Now that is a useful tip. Thanks!


----------



## RoxyBlue

Do you have a shot of how this looks lit up at night? I'm curious as to how bright it will be through a layer of paint.


----------



## Spooky1

What Roxy said


----------



## The-Hog-Flu

RoxyBlue said:


> Do you have a shot of how this looks lit up at night? I'm curious as to how bright it will be through a layer of paint.


 Sure....., there's a couple other bulbs on either side lighting other props but here it is. You'll have to experiment with how thick to layer the paint. Less paint is brighter but less color. More paint is more colorful but dimmer.


----------



## RoxyBlue

Looks good!
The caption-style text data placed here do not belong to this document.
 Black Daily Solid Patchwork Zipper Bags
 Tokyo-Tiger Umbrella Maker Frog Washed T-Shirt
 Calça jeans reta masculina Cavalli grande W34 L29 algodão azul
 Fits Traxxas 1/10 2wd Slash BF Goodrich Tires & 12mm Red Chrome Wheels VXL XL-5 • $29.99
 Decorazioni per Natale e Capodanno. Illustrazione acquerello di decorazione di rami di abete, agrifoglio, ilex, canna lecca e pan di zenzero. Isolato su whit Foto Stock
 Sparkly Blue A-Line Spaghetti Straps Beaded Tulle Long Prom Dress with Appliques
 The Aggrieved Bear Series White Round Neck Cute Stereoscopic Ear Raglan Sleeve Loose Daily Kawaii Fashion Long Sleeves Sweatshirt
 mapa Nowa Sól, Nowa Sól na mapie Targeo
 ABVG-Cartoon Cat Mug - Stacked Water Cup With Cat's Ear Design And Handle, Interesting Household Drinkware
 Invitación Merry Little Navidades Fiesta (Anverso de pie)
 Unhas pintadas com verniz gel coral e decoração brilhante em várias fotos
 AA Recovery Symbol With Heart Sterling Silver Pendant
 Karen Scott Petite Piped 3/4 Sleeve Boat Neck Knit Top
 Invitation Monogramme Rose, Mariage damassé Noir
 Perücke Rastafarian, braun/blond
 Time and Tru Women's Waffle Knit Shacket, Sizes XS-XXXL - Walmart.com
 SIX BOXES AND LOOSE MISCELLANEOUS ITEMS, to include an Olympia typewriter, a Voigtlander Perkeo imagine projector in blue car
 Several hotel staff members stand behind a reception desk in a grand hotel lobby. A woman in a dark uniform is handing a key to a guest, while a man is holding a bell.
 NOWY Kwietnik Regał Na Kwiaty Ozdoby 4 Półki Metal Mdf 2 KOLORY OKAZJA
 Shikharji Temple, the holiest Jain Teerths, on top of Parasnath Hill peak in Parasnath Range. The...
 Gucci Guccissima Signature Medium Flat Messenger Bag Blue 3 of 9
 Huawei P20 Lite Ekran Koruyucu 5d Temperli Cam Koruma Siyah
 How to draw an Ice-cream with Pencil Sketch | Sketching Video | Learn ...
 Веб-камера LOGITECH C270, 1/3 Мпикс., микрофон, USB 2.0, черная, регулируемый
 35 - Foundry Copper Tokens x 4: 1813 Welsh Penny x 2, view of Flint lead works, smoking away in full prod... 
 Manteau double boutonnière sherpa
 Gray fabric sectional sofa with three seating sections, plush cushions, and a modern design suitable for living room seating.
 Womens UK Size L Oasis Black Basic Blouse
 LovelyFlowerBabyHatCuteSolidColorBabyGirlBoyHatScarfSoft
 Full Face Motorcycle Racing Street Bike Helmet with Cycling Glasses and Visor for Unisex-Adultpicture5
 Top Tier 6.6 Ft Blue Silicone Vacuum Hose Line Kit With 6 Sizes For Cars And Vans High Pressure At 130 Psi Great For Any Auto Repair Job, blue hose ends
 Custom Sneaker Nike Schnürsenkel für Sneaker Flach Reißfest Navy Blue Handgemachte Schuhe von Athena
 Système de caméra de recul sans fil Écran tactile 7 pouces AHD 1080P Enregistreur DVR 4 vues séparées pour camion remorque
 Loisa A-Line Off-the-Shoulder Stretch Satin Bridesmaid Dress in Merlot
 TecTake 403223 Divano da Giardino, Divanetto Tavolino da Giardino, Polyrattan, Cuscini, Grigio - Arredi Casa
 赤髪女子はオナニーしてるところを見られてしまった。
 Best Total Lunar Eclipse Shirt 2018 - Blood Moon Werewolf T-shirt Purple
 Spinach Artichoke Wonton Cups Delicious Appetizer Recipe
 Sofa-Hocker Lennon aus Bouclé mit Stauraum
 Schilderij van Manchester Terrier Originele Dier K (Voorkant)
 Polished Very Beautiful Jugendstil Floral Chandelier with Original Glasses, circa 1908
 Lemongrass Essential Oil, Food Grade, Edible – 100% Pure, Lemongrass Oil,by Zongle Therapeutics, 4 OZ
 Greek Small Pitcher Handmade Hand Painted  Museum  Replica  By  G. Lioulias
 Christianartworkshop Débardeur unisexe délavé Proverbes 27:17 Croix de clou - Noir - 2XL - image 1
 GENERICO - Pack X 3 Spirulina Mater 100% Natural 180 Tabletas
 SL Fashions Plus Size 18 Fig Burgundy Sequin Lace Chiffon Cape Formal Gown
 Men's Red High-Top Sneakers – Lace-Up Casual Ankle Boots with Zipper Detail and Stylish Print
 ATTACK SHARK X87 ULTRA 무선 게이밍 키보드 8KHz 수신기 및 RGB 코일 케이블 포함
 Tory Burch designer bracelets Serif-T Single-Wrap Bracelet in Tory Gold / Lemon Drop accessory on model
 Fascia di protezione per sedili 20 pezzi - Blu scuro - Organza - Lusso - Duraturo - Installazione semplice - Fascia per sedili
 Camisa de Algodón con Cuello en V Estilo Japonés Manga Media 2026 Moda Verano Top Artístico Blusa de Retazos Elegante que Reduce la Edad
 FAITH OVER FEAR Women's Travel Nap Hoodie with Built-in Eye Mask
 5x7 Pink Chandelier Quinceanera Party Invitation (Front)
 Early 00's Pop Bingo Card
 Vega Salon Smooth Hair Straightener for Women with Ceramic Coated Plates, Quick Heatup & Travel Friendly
I'd never heard of engine block paint and it looks as if it would be a good solution not only for painting clear bulbs, but also for touching up painted ones that are losing flakes of paint.


----------



## Spoonhead

Great tip! Thanks


----------



## austenandrews

Interesting...


----------



## matrixmom

The engine paint doesnt come in alot of colors though. But great idea, will def use this in the future. They also sell paint for glass at michaels but its more sheer.


----------



## The-Hog-Flu

matrixmom said:


> The engine paint doesnt come in alot of colors though. But great idea, will def use this in the future. They also sell paint for glass at michaels but its more sheer.


Sure they do. You just have to go to an autozone or advanceauto.....or whatever chain is in your area. Mine has all sorts of colors. Different reds, blues, yellows, greens, oranges....heck, it even comes in pink and florecent colors.


----------



## randomr8

Have to try that this evening.


----------



## Sytnathotep

This is interesting I'll have to try this as well!


----------



## Fiend4Halloween

Thanks for the info!!! I was walking my haunt last night and noticed that some of the light on the house walls had...WHITE LIGHT! AArrgh....so i got a few markers and tried coloring over the the flaked off parts of the light....dont laugh, you know you tried it before =p So hearing this is a great solution to having to go buy new ones..plus i need paint for a few projects anyway. Thanks again and Happy Haunting all !


----------



## Offwhiteknight

I've done this too. Brushed on modeling paint actually, but it does work. Dims the light just a bit, but does bring out the color more. So it's a really good way of extending the life of those floods or spots that have started to "go white" in the last year or so, as you save up for LEDs or CFLs.


----------



## ithurt

I have used just plain ol spray paint and it worked fine. I am sure it is not as durable as high temp paint.


----------



## mikeythemars

The engine block paint is a good idea, but I wonder if it too will eventually fade/flake like the OEM coatings bulb manufacturers use.

That's why I have gone to using professional theatrical gels on my floods. They don't fade or flake and also provide a more even and fully saturated effect than any coated bulb is capable of. A comparison of a par 38 colored flood vs. a par 38 white flood projecting through a gel is below (the one on the right is through a gel).










One can easily make a can to hold a standard par 38 white flood that allows using a gel for less than $15; the instructons I used to do this are in the link below:

http://www.instructables.com/id/Outdoor-PAR-Flood-Light-Cans/


----------